El elemento humano de la clase baja está constituido ahí en su mayoría por el tipo aborigen. Los coyas argentinos y los bolivianos se confunden en una misma familia, separados como están por una imaginaria línea limítrofe que nada dice al espíritu de estas gentes, ajenas, por lo general, a estos asuntos internacionales.

La cruza de los españoles con las distintas tribus que poblaban estas regiones (indios atacamas, omaguacas, chichas, uros, etc.), dio origen a muchas familias que aún habitan en los valles y ciudades de las provincias norteñas.
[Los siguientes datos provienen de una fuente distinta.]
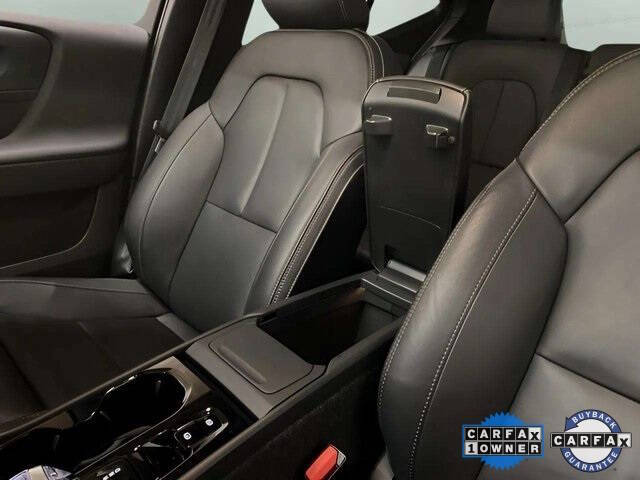 2025 Volvo XC40 B5 Plus Bright Theme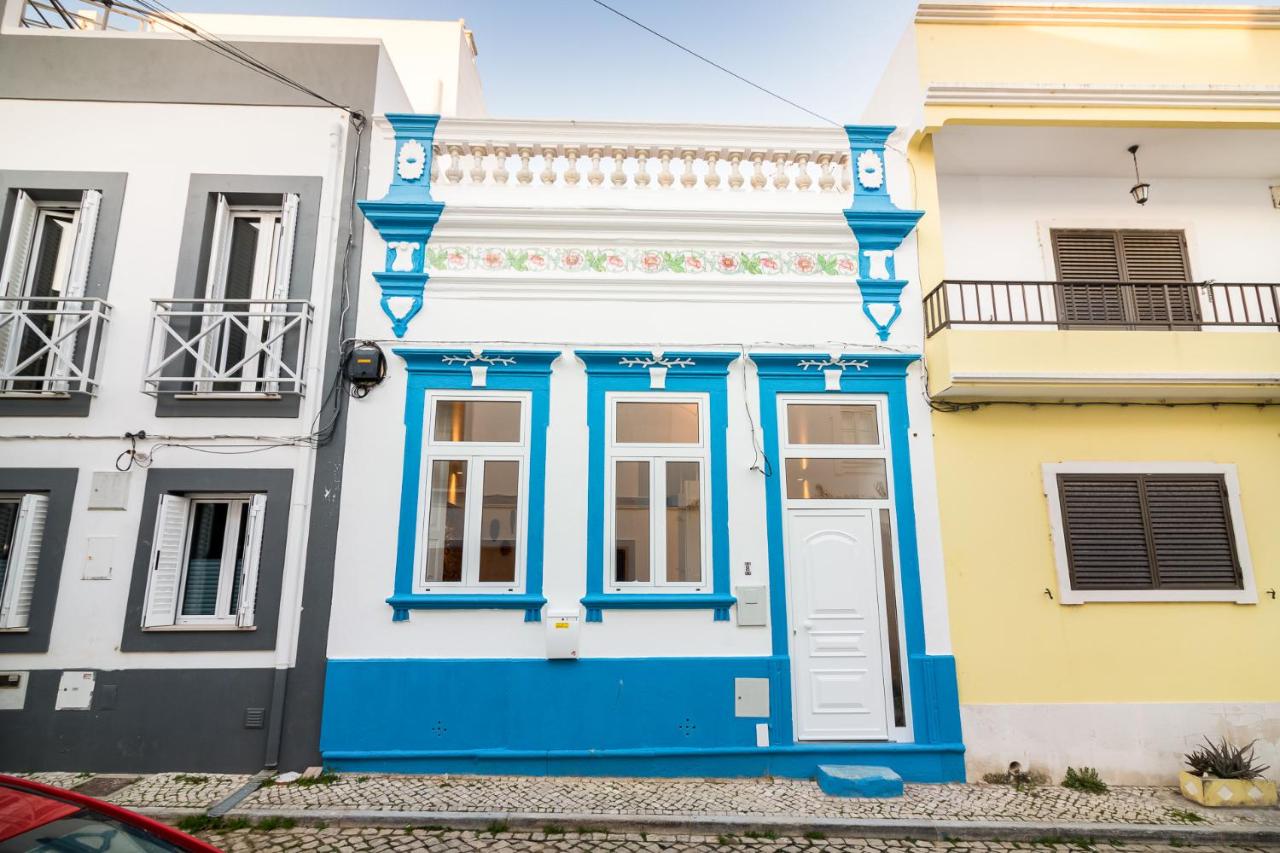 Casa BrancAzul - B&B Olhão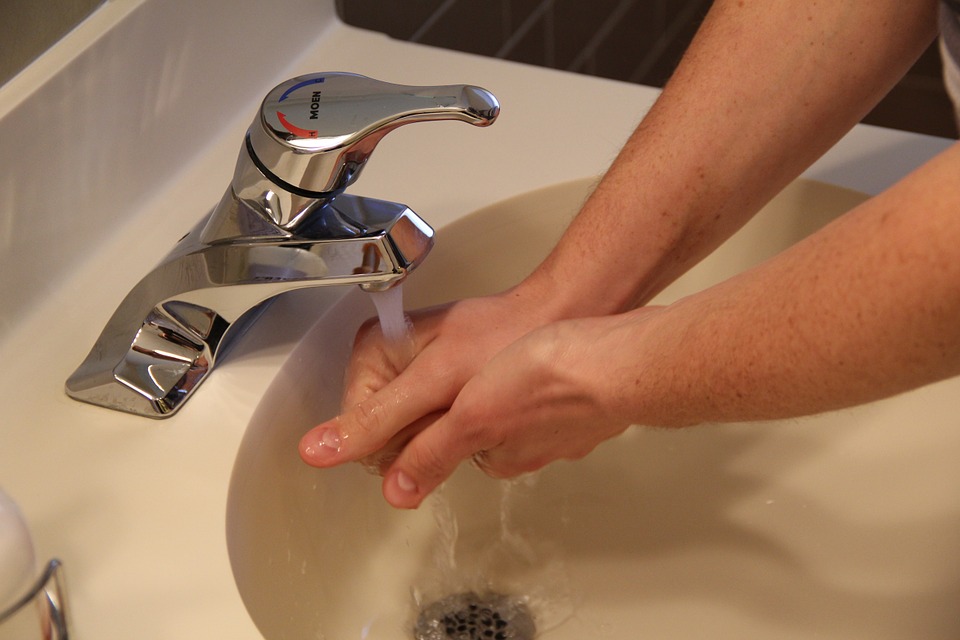 sara_safety's tweet photo. Why are people still not washing their hands enough? #InfectionControl  https://t.co/hrwftK9XNW https://t.co/PDhmntsEur
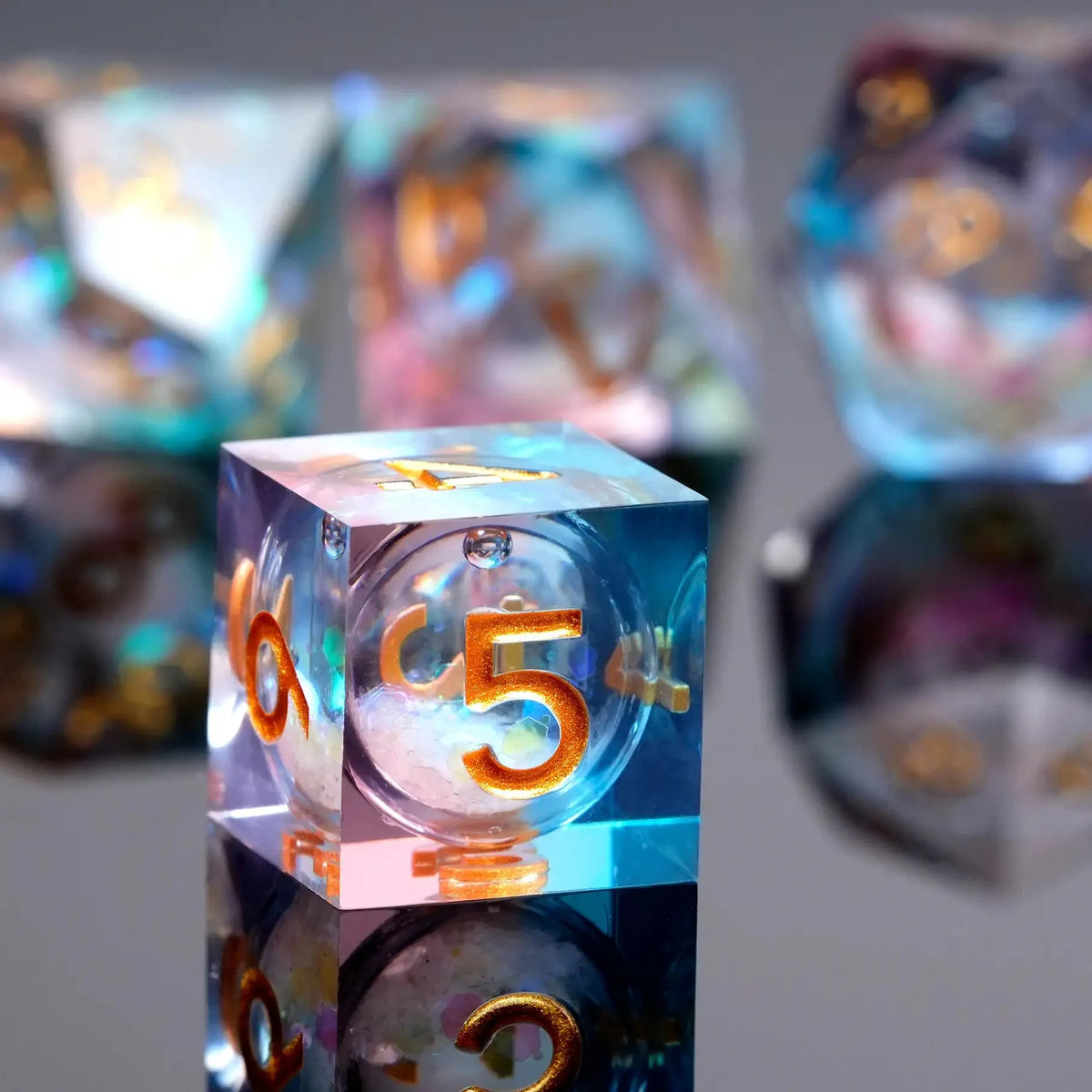 Clear Powder Liquid Core Dice Set – Gold Numbers – Clear Powder Blue Resin Dice Quicksilver Glitter with Inlaid Gold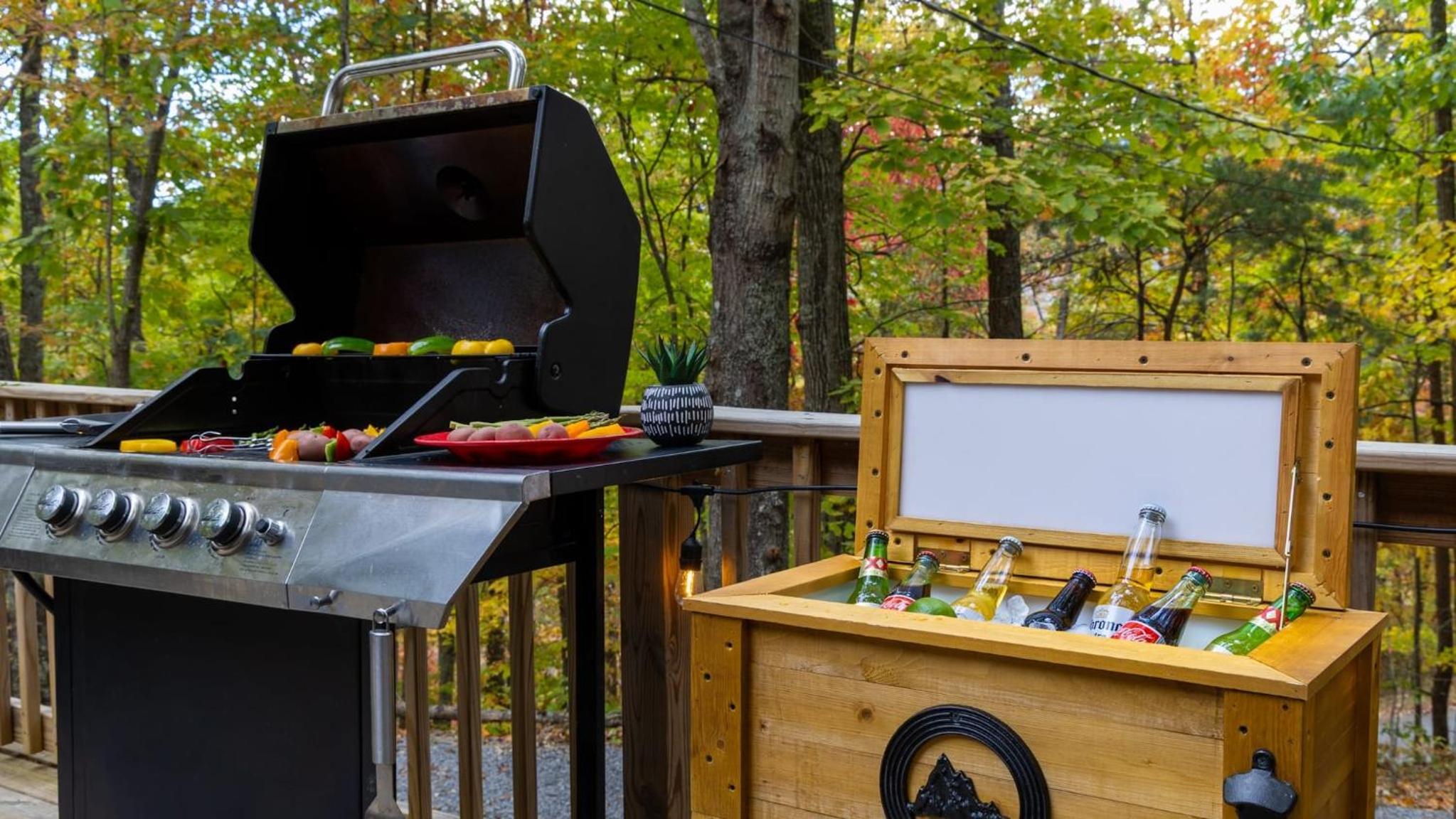 Lodge-Style Home Near Gatlinburg w Theater Hot Tub Game Room Evergreen Escape by AvantStay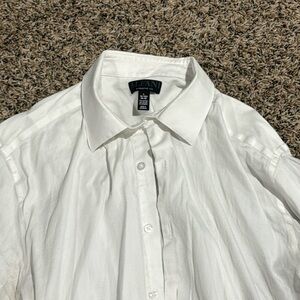 White dress shirt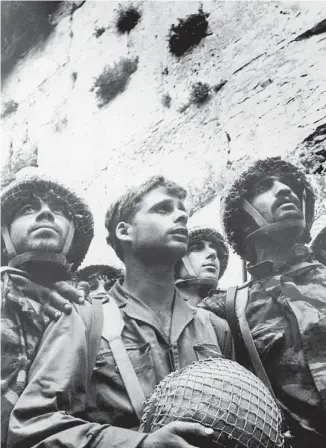  ?? AGENCE FRANCE-PRESSE ?? Des soldats célébraien­t la conquête du mur des lamentatio­ns dans la partie est de la ville sainte de Jérusalem au cours de la guerre des Six Jours, en juin 1967.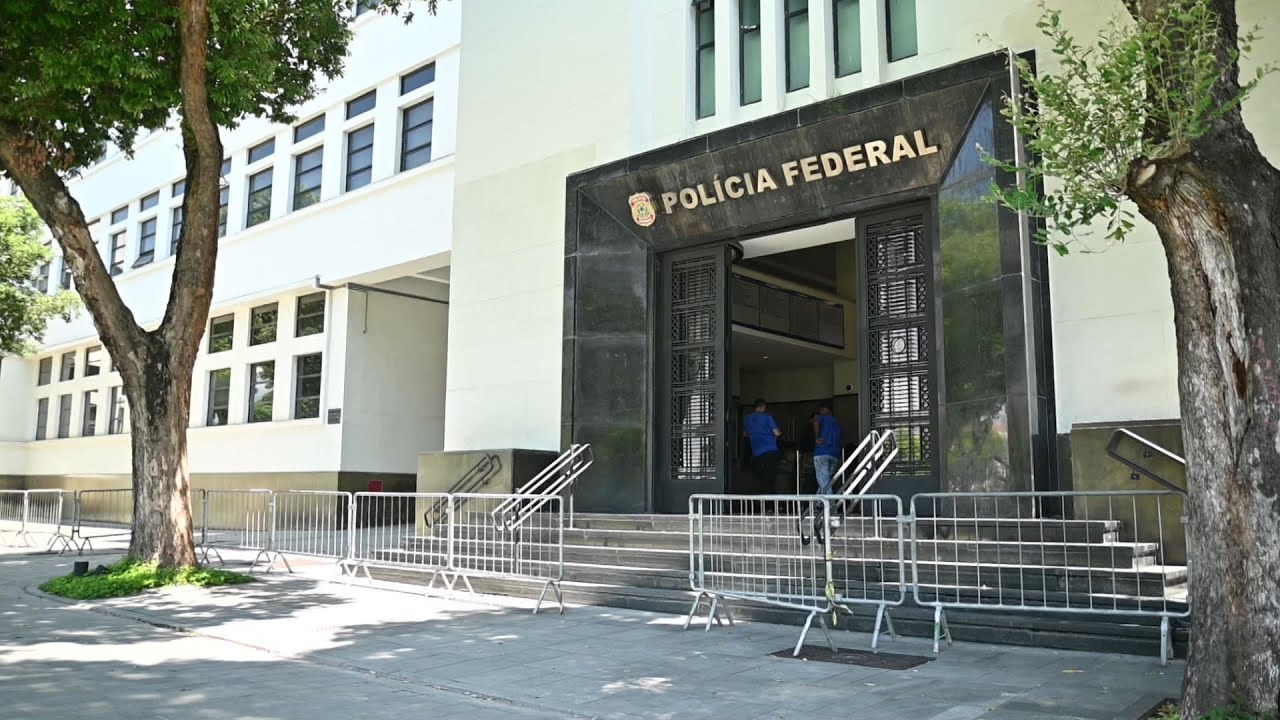 Carlos Bolsonaro é alvo de investigação da PF | AFP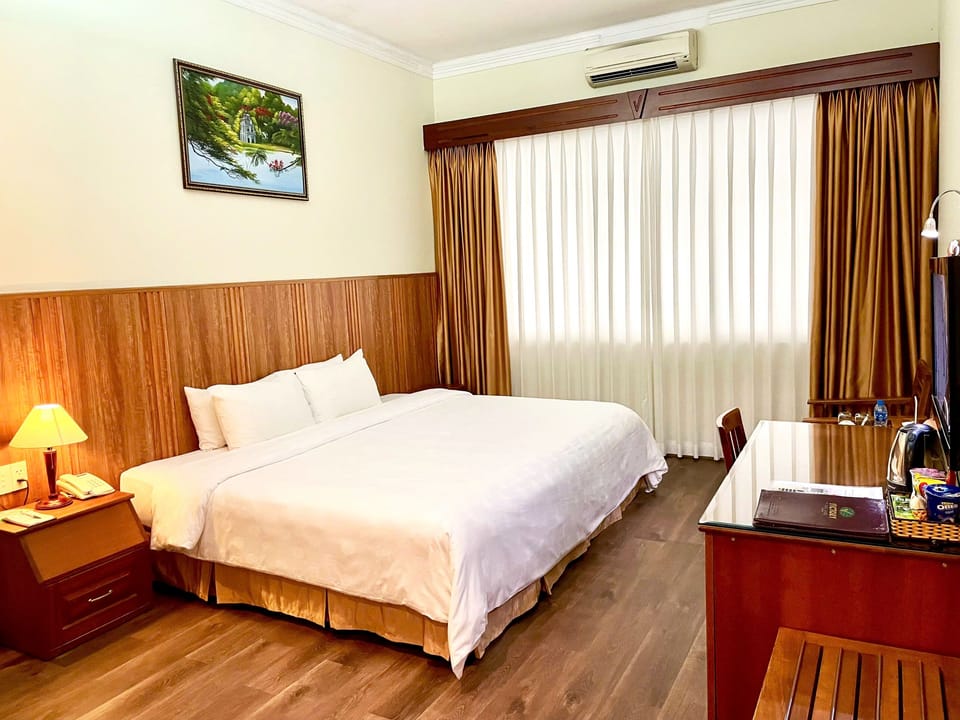 Deluxe Double Room | Minibar, in-room safe, desk, laptop workspace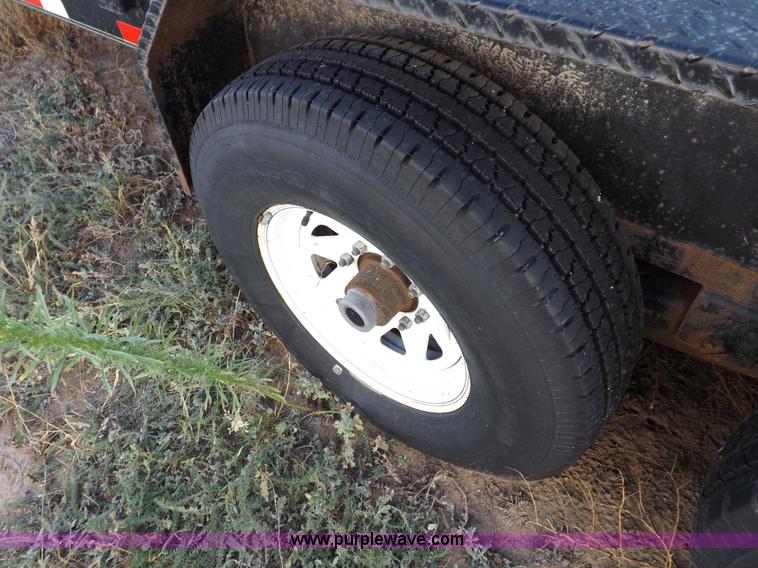 image for item F6138 2003 PJ 24' gooseneck trailer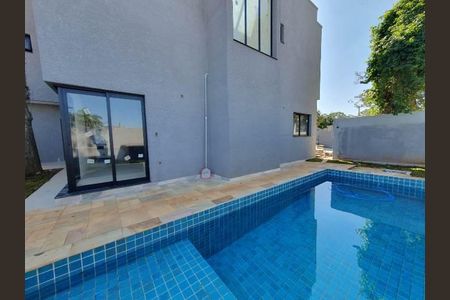 Casa de condomínio à venda com 216m², 4 quartos e 3 vagas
En cambio, en las alturas, especialmente los llamados puneños, o sea los habitantes de la Puna de Atacama, permanecen, a través del tiempo, tal como debieron ser cuando llegaron los primeros españoles o conquistadores. Respecto de estos hay varias versiones. Existen historiadores que creen que españoles salidos del fuerte de Santi Spíritu fueron los primeros en hollar suelo jujeño y siguieron hasta Perú, regresando de ahí para encontrarse con el fuerte incendiado. Otros afirman que recién después de la conquista de Perú por Pizarro, plantas blancas, siguiendo los caminos ya trazados por los incas, bajaron hacia Tucumán atravesando Salta y Jujuy.

Lo cierto es que, cuando uno llega actualmente, en medio de todas las comodidades de la época, después de dos días de tren a Jujuy, y luego de diez horas más a La Quiaca, uno empieza a pensar seriamente en lo temeraria que fue la conquista de esta parte de América, tan lejana de todo puerto, tan hostil, con sus cerros enhiestos, tan fatigosa en algunas de sus travesías.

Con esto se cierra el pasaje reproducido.